Saturday, April 18, 2009

Swiss Red Cross hostage rescued in Philippines

A photo released by the Sulu Provincial Government showed Swiss national Andreas Notter, of the International Committee of the Red Cross, after policemen and armed villagers rescued him from the Abu Sayyaf in Indanan town in Sulu province on Saturday, April 18, 2009. Notter is presented by Sulu Gov. Sakur Tan to Interior Secy. Ronaldo Puno and Defense chief Gilberto Toeodoro. The Abu Sayyaf is still holding Italian Red Cross hostage Eugenio Vagni, both men and Filipino aid worker Mary Jean Lacaba were kidnapped January 15 in Sulu. Lacaba was freed on April 2 in Indanan town. (Best available photo / Caption by the Mindanao Examiner)

ZAMBOANGA CITY, Philippines (Mindanao Examiner / Apr. 18) – Police forces and armed civilians have rescued Saturday one of two foreign Red Cross workers kidnapped by the Abu Sayyaf terrorists in the southern Philippine province of Sulu.

Swiss national Andreas Notter was rescued as the Abu Sayyaf tried to spirit him from police cordon at around 5.30 a.m. in Indanan town, sources said. Aside from the Swiss, the Abu Sayyaf is still holding Italian hostage Eugenio Vagni, but he was not with the group that held Notter.

Policemen and armed villagers, led by Senior Superintendent Julasirim Kasim, the Sulu police chief, were guarding the area when they spotted Notter along with a group of armed men and pursued them until the Swiss hostage was rescued.

“The Abu Sayyaf guards were overwhelmed by police forces and armed villagers and they had no choice but to leave Notter behind. He was later brought to the house of Governor Sakur Tan, who is the head of the crisis management committee,” said one source privy to the rescue operation.

It was unknown how the Abu Sayyaf managed to pass through a military cordon in the town’s jungle undetected by soldiers.

But hundreds of policemen and armed village guards have also put up a cordon near the highways in Indanan to prevent the Abu Sayyaf from escaping.
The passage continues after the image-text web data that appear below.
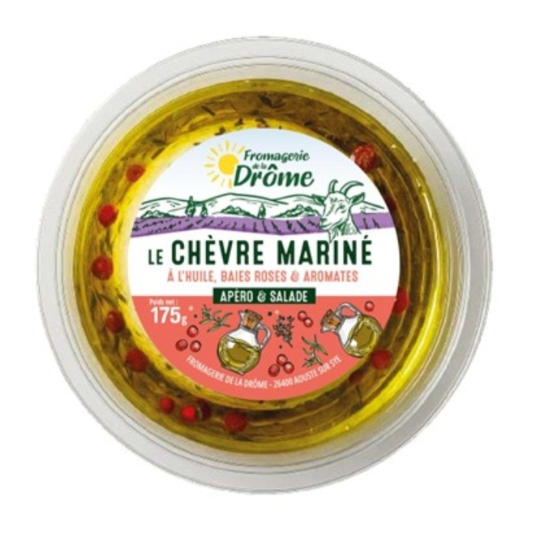 Le Chèvre Mariné à l'Huile, Baies Roses & Aromates en Apéro & Salade FROMAGERIE DE LA DROME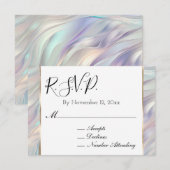 Chic Aqua Blue Paarse Pearl White Wedding RSVP Informatiekaartje (Voorkant / Achterkant)
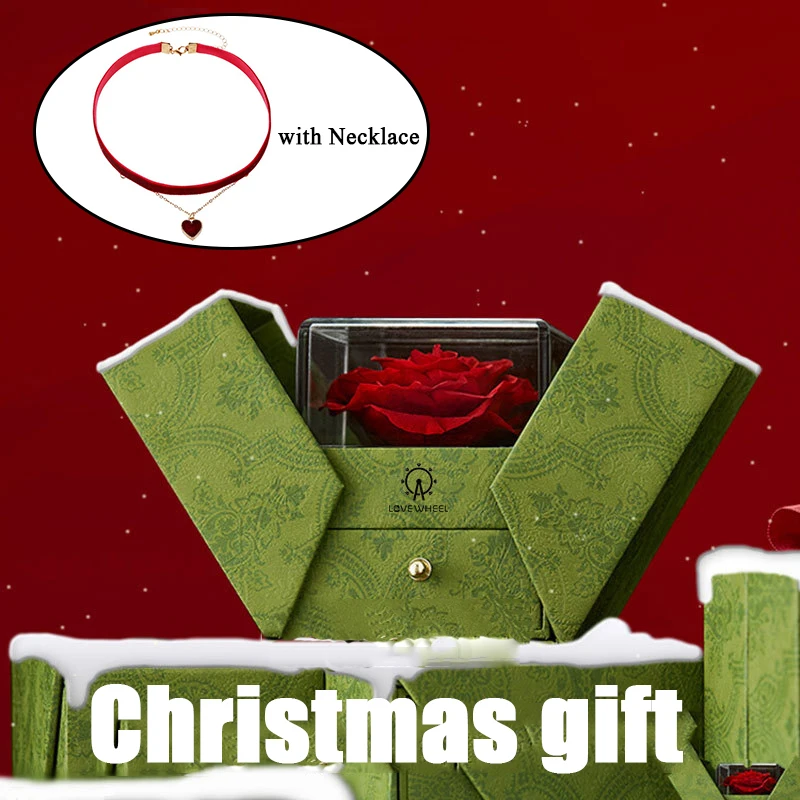 

Подарочная коробка для ювелирных изделий на Рождество, свадьбу, День Святого Валентина, вечная роза, кольцо, серьги, чехол, упаковка и демонстрация с ожерельем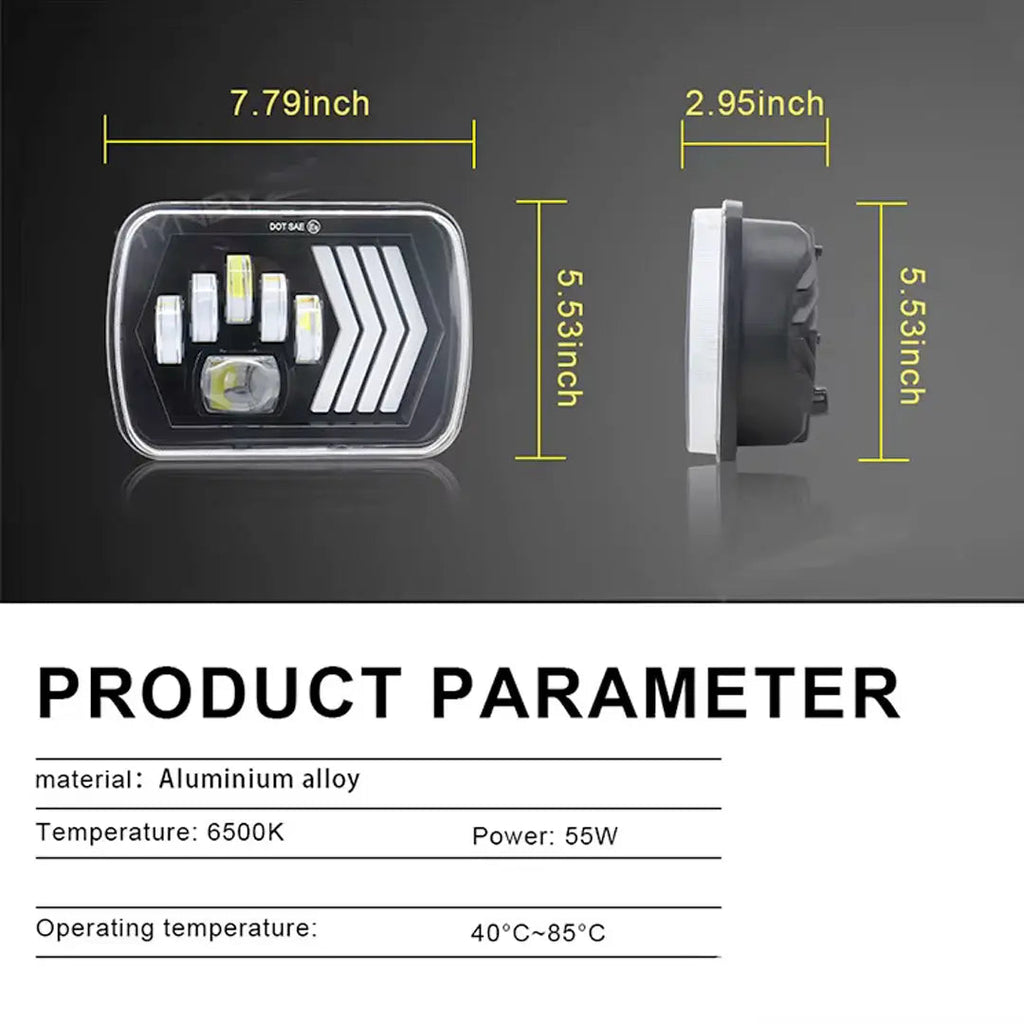Universal 7 Inch Dual Function LED Projector Square Headlight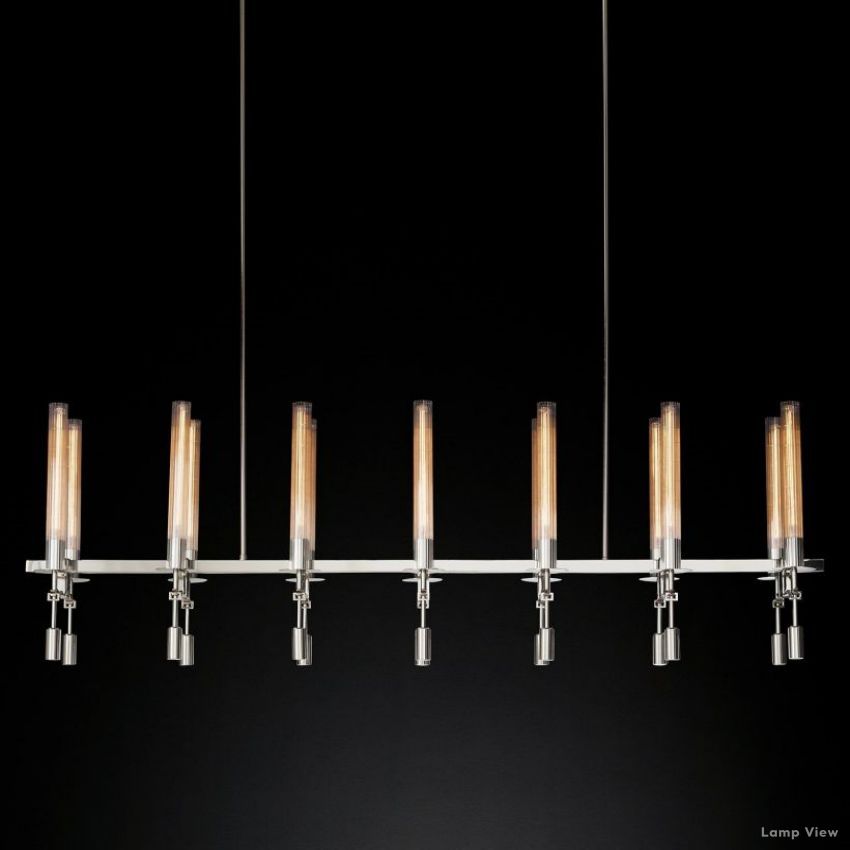 Fontanelle Modernist Glass Linear Chandelier 66"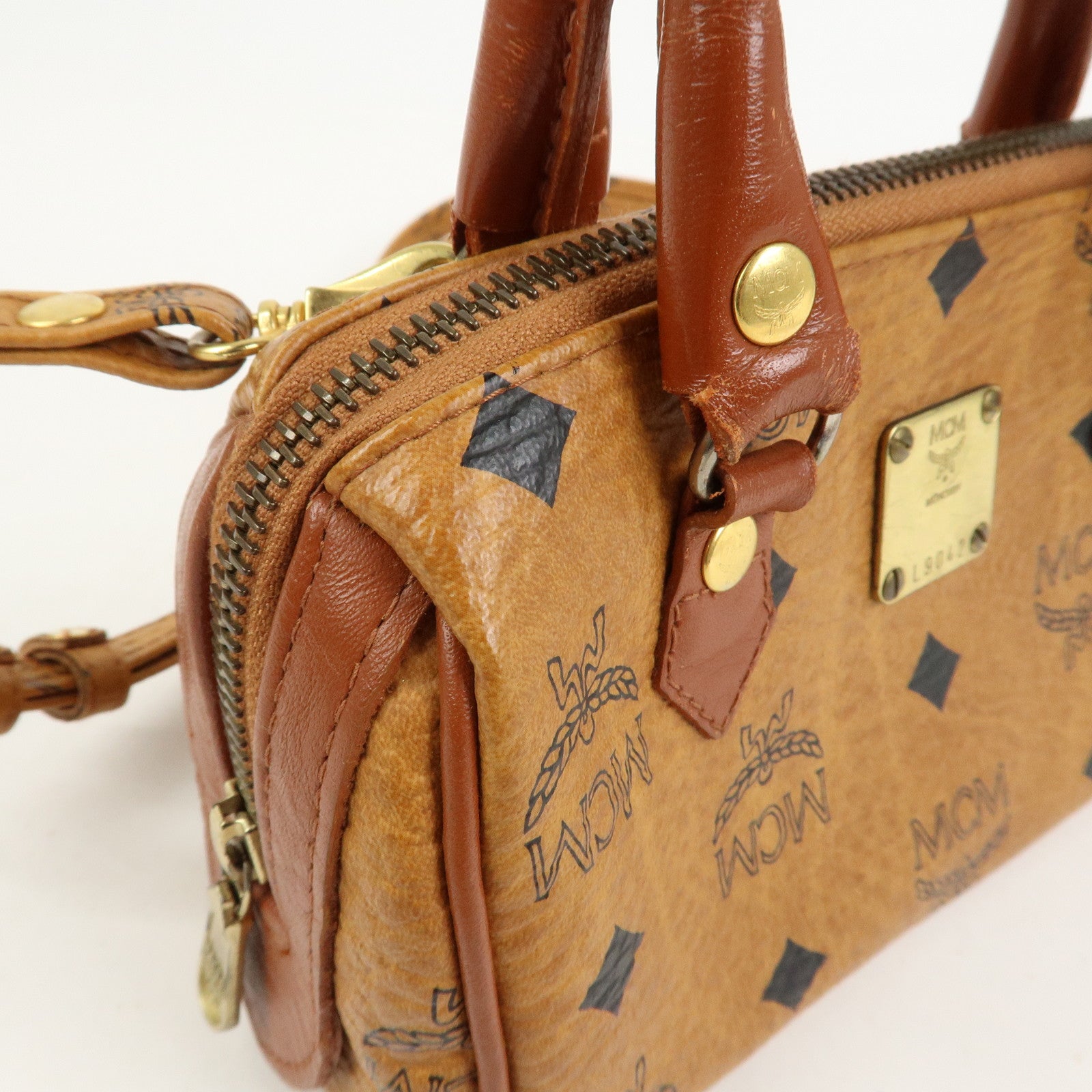 MCM Visetos Leather 2Way Mini Boston Hand Shoulder Crossbody Bag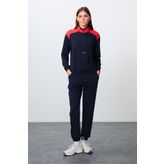 İndigo Kompakt Pamuklu Kalın Pürüzsüz Dokulu Dik Yaka Oversize Fit Kadın Eşofman Takım - 95342
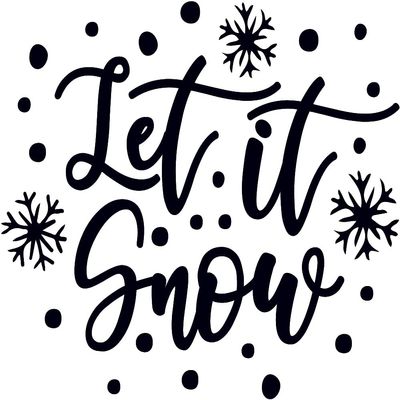Christmas Let It Snow Snowflake y3025 Vinyl Sticker Decals (Pack of 2) for Car Bumper Window Laptop Tablet Phone (8 inch x 6.4 inch,Black)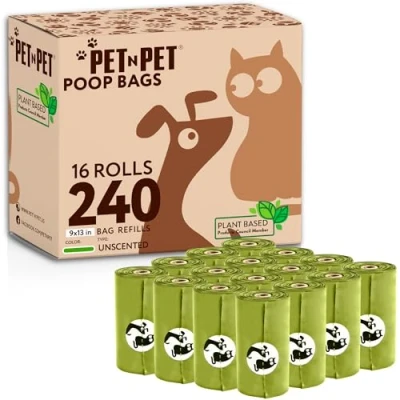 Imagen de PET N Bolsa compostable para excrementos de perros, 240 bolsas verduras duraderas, gruesas y a prueba fugas perros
It was near the area where they intercepted Notter’s group.

The military insisted troops found Notter and that he was abandoned by the Abu Sayyaf because of pressure exerted by the cordon set up by soldiers in the jungle.

Tan presented the freed hostage to Defense chief Gilberto Teodoro and Interior Secy. Ronaldo Puno at his house. They later held a press conference at the Provincial Capitol where Notter thanked the authorities for his rescue.

“I would like to thank you all. I know all of you have a lot of sacrifices. I would like to thank the authorities of course, the security forces, thank very much,” Notter said.

He said Vagni is still alive, but is very ill. “Eugenio Vagni is injured. He must be released as soon as possible,” Notter said.

Tan said Notter was rescued and brought to his home where the Swiss man was given food. “He is okay and we are glad that he was rescued safely,” he said.

While in Tan’s house, Notter was served with lobster, crabs, fish, chicken and steamed rice.

Notter was later flown by a helicopter to a military base in Zamboanga City, but the ICRC barred journalists from taking his photos.

Manila said government negotiations were continuing for the safe release of the hostages. Provincial governor Sakur Tan said Muslim clerics are now helping in efforts to convince the terrorists to Notter and Vagni who were seized January 15 along with Filipino aid worker Mary Jean Lacaba.

The woman was released on April 2 after a series of negotiations.

Authorities said the Italian hostage is ill and suffering from hernia, a general term used to describe a bulge or protrusion of an organ through the structure or muscle that usually contains it.

More policemen were sent to Sulu early this week to help secure the area where the hostages are being held captive.

The Abu Sayyaf has repeatedly threatened to kill the remaining hostages if the military and police do not pull out from several areas in Sulu.
Military and police intelligence reports said several Jemaah Islamiya terrorists are among those holding the aid workers - Mauiya, Dulmatin, Zulkifli bin Hir and Umar Patek - who are all wanted by Indonesia for the spate of deadly attacks, including the Bali bombing in 2002. The US has offered at least $16 million rewards for their capture. (Mindanao Examiner)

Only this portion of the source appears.